[Input data]
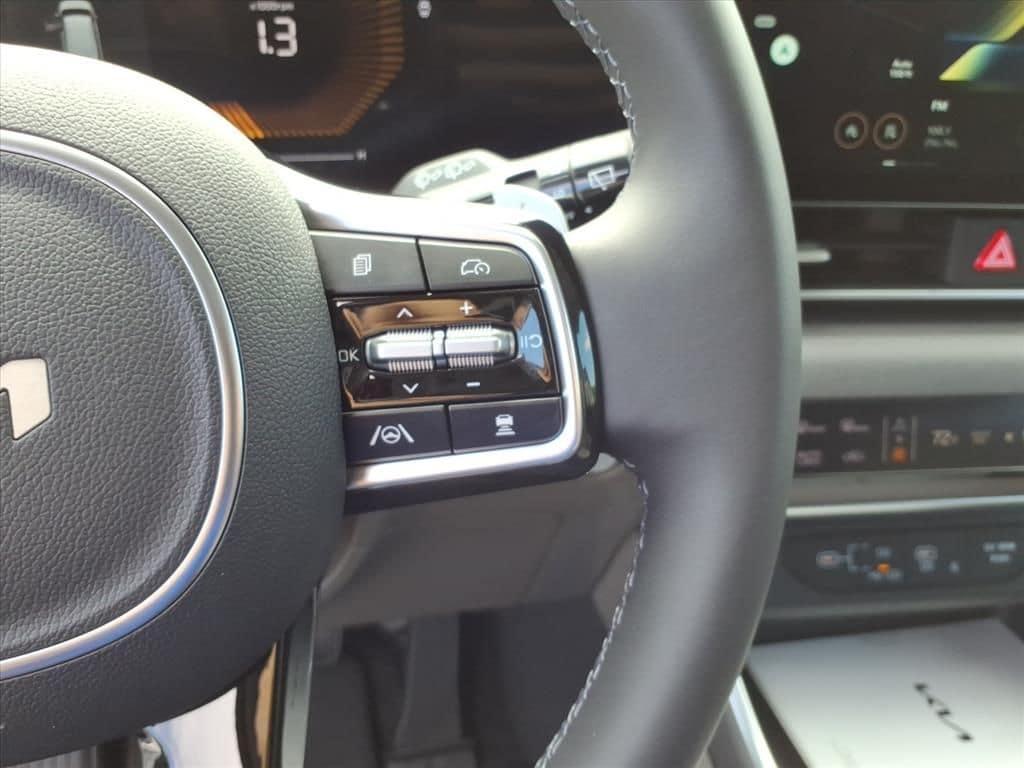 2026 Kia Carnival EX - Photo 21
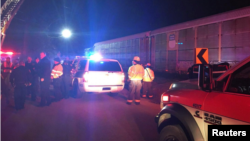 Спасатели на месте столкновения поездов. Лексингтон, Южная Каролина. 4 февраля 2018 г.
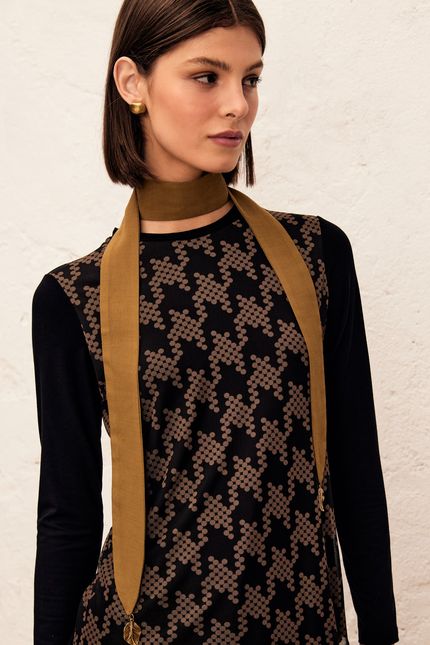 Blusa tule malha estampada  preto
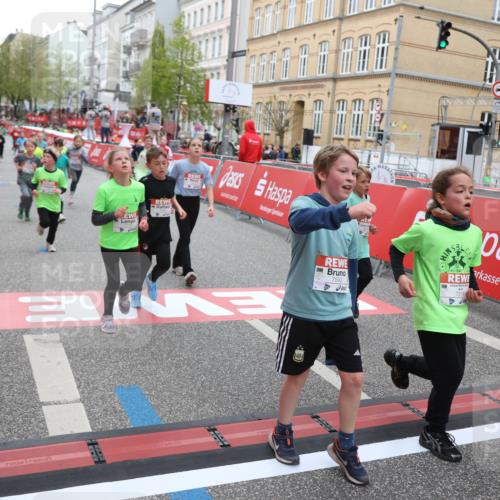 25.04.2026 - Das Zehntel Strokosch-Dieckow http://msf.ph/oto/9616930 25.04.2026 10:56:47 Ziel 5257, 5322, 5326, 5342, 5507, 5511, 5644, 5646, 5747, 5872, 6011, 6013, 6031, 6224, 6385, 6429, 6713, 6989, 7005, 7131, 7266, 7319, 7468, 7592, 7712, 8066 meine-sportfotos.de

[What is needed] Print the listing verbatim, images excluded.

[Response to this task]
 2026 Kia Carnival EX - Photo 21
 Спасатели на месте столкновения поездов. Лексингтон, Южная Каролина. 4 февраля 2018 г.
 Blusa tule malha estampada  preto
 25.04.2026 - Das Zehntel Strokosch-Dieckow http://msf.ph/oto/9616930 25.04.2026 10:56:47 Ziel 5257, 5322, 5326, 5342, 5507, 5511, 5644, 5646, 5747, 5872, 6011, 6013, 6031, 6224, 6385, 6429, 6713, 6989, 7005, 7131, 7266, 7319, 7468, 7592, 7712, 8066 meine-sportfotos.de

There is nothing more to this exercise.